Red Sox settle for series split after shaky loss to Blue Jays

July 21, 2017 GMT

Doug Fister probably didn’t deserve a break in the third inning, but that didn’t make the sting go away.

The Red Sox starter had issued three walks in the frame, yet with two outs, still had a chance to escape without giving up a run. It looked to be the case when Steve Pearce blooped his first-pitch fastball to short right field, but his defense couldn’t bail him out.

In what should have been a sure out, Brock Holt — who was filling in at second base for Dustin Pedroia — lost the ball in the sun and dropped the pop fly. That allowed two Blue Jays runners to score and tie the game at 3.

After another walk, Ryan Goins laced a two-run single to make Holt’s misplay hurt a lot more.

Not even Pedroia’s continued hot stretch at the plate could save the Red Sox in their 8-6 loss yesterday at Fenway Park. The teams split a four-game series.

“It’s one of those balls that wasn’t really high enough where I could do anything to move myself and maneuver myself to get that out of the sun, and by the time I lost it, I didn’t know if (Xander Bogaerts) was close enough to be able to get it,” Holt said. “He told me he was after the fact, but I tried to stay with it as long as I could, and unfortunately couldn’t make the play. That one’s on me.”

It was probably the deserved result for Fister, who had another shaky outing in his fourth Red Sox start. He struggled with command, as just 53 of his 100 pitches were strikes. His four walks — all in the third inning — were a season high.

That third inning was the killer, and Fister took responsibility for putting Holt in a difficult position.

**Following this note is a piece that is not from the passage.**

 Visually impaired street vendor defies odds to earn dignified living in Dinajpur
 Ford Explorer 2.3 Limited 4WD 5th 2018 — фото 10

“Any ball in the air, any ball on the ground is a dangerous play, no matter what it is,” Fister said. “The ball in the air (yesterday) was a tough one in the sun. Our sun here is sometimes right over head and makes an easy catch really difficult. Anything is a threat, so you can’t take anything for granted.

“Unfortunately that was an issue (yesterday), but it’s on my shoulders to get us into a bases-loaded jam in that spot, so I have to go out there and perform better.”

Fister pitched a 1-2-3 fourth, but then gave up a leadoff homer to Justin Smoak before he was chased in the fifth.

With the Sox soon returning to a five-man rotation, manager John Farrell said no final determination has been made on Fister’s future with the team.

“If that comes then we’ve gotta address that,” Fister said when asked if he would be comfortable pitching out of the bullpen.

Fister’s rocky third let Blue Jays starter Francisco Liriano off the hook. After Toronto scored one in the first, he couldn’t hold it as the Sox plated three in the second and chased him from the game.

Pedroia made things interesting in the seventh with a three-run homer to make it 7-6, but that’s all the Sox could muster against the Blue Jays bullpen as they failed to threaten in the eighth or ninth.

“We had some good at-bats,” Pedroia said. “Any time you get obviously the starter out early and get deep into their ’pen, it’s a good thing. Their ’pen just executed. They threw the ball well. … You just tip your hat to them. We just didn’t get enough runs, and we’ll come out (tonight) and play as hard as we can.”